Alors qu’elle devait définitivement fermer sa dernière tranche au charbon, la centrale thermique de Saint-Avold (Moselle) sera finalement relancée. Face au risque de pénurie d’électricité l’hiver prochain, le gouvernement souhaite conserver temporairement ce moyen de production ultra carboné.

De tous les modes de production d’électricité, le charbon est celui qui génère le plus de dioxyde de carbone, entre autres polluants. Pourtant, la ressource pourrait être mise à contribution dès cet hiver afin de soulager le réseau électrique national. Une conjonction d’évènements menace en effet l’approvisionnement en électricité.

À lire aussi Vers un blackout électrique en France l’hiver prochain ?

Nucléaire en maintenance et gaz peu disponible

Près de la moitié des réacteurs nucléaires français sont à l’arrêt pour maintenance, notamment en raison du phénomène de corrosion sous contrainte des circuits primaires décelé fin 2021. Certains ne seront redémarrés qu’à la mi-janvier 2023. Les centrales à gaz, qui auraient dû compenser une partie de la production nucléaire manquante, ne pourront pas fonctionner à plein régime en raison de l’embargo sur le gaz russe. Touchées par la sécheresse, les centrales hydroélectriques devraient également réduire leur production si les précipitations demeurent insuffisantes.

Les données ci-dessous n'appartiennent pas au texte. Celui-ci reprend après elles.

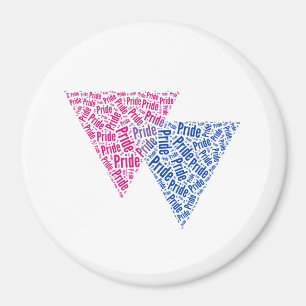 Íman ORGULHO BISEXUAL -.png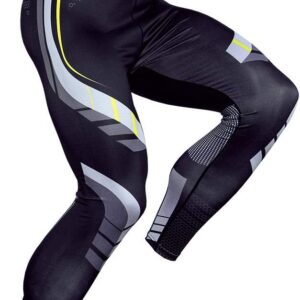 Legging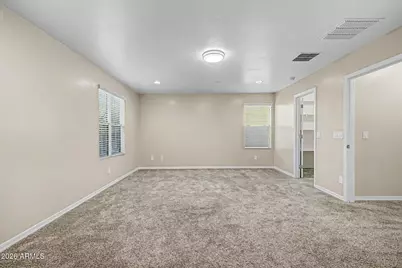 29091 N 124th Drive, Peoria, AZ 85383 - Photo 34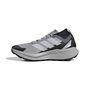 adidas Terrex Agravic Gtx - gretwo/ftwwht/cblack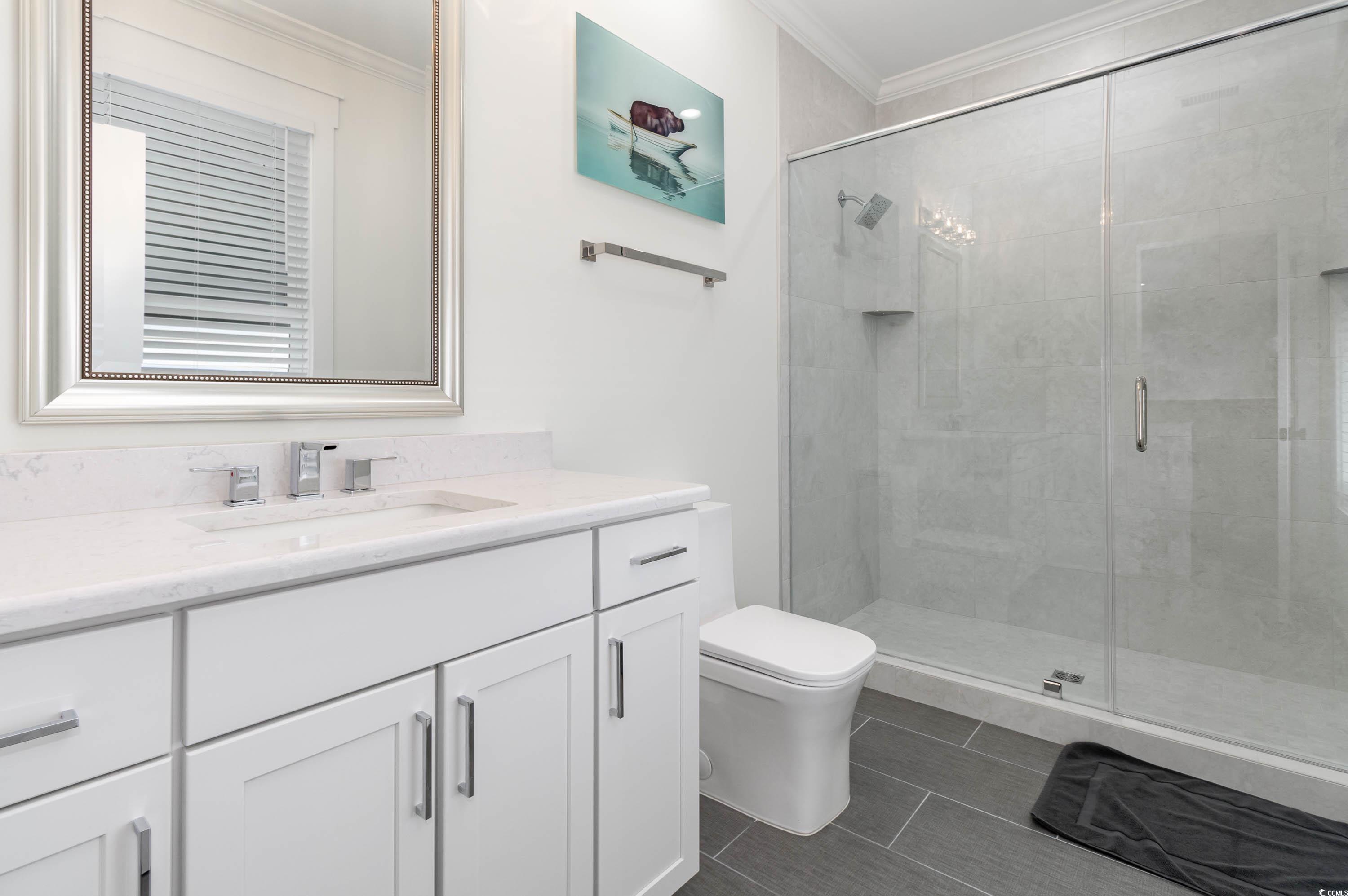 3300 N Ocean Blvd. Property Photo 24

Enfin, la France risque ne pas pouvoir compter sur ses voisins pour importer de l’électricité. L’Allemagne est elle-aussi confrontée à l’arrêt des livraisons de gaz russe et poursuit en parallèle la fermeture de ses dernières centrales nucléaires. Le pays, également engagé dans une sortie du charbon à l’horizon 2030, a ainsi annoncé augmenter temporairement la production de ses centrales au charbon. Une solution qui inspire l’hexagone, puisque la tranche charbon de la centrale thermique de Saint-Avold (Moselle) va de nouveau produire de l’électricité.

La centrale thermique de Saint Avold / Image : Flickr Étienne Baudon

De l’abandon du charbon à sa relance temporaire

Le site, qui comporte 2 tranches de cycle combiné gaz (CCG) de 430 MW chacune et 1 tranche au charbon de 618 MW, devait définitivement abandonner le minerai. L’unité au charbon était à l’arrêt depuis le 31 mars 2022 en vue de sa fermeture définitive. Le gouvernement, qui promettait une sortie totale du charbon en 2022, va finalement relancer temporairement son exploitation pour passer l’hiver. Le rappel d’une partie de ses 87 employés est en cours, certains étant à la retraite et d’autres en congés de reclassement. Le redémarrage nécessitera 2 mois.

Une seule centrale au charbon était encore en service en France, il s’agit du site de Cordemais (Loire-Atlantique). Ses 2 tranches de 600 MW ont été prolongées, le temps de la mise en service de l’EPR de Flamanville.

À lire aussi Les centrales à charbon peuvent-elles encore servir ?

Sous-investissement dans les moyens de production

Avec une puissance installée cumulée de seulement 1 818 MW en incluant Saint-Avold, le charbon à lui seul ne sauvera pas le pays d’une pénurie d’électricité. Lors d’une intense vague de froid, la demande nationale peut en effet atteindre 100 GW. Il parviendra à compenser à peu-près l’équivalent de la production d’un réacteur nucléaire de palier P4 (1 495 MW).

La France devra surtout compter sur la sobriété de l’ensemble des consommateurs, comme exhorté récemment par les dirigeants d’EDF, TotalEnergies et Engie. Il faudra également espérer des conditions météo favorables pour faire tourner à haut régime les 18 765 MW d’éolien et à moindre mesure les 12 915 MW de solaire installés. Cette instabilité résulte d’un sous-investissement dans les moyens de production décarbonés et les systèmes de stockage de grande ampleur tels que les STEP et batteries.

À lire aussi « Grande Abondance », le projet de STEP monumentale d’un étudiant ingénieur

Car, si les énergies renouvelables ont progressé, leur rythme de déploiement reste insuffisant pour bannir totalement gaz et charbon du mix électrique national. Aucune nouvelle installation de stockage permettant de compenser leur variabilité n’est prévu, la dernière a entrer en service étant la STEP de Grand-Maison en 1988. Pour ne rien arranger, le pays a définitivement fermé en 2020 la centrale nucléaire de Fessenheim, se privant de 1 760 MW de capacité de production bas-carbone. Outre l’unique EPR de Flamanville, aucun projet de nouveau nucléaire ne s’est concrétisé ces 40 dernières années. En parallèle, la France a investi dans 3 818 MW de nouvelles tranches au gaz depuis 2010.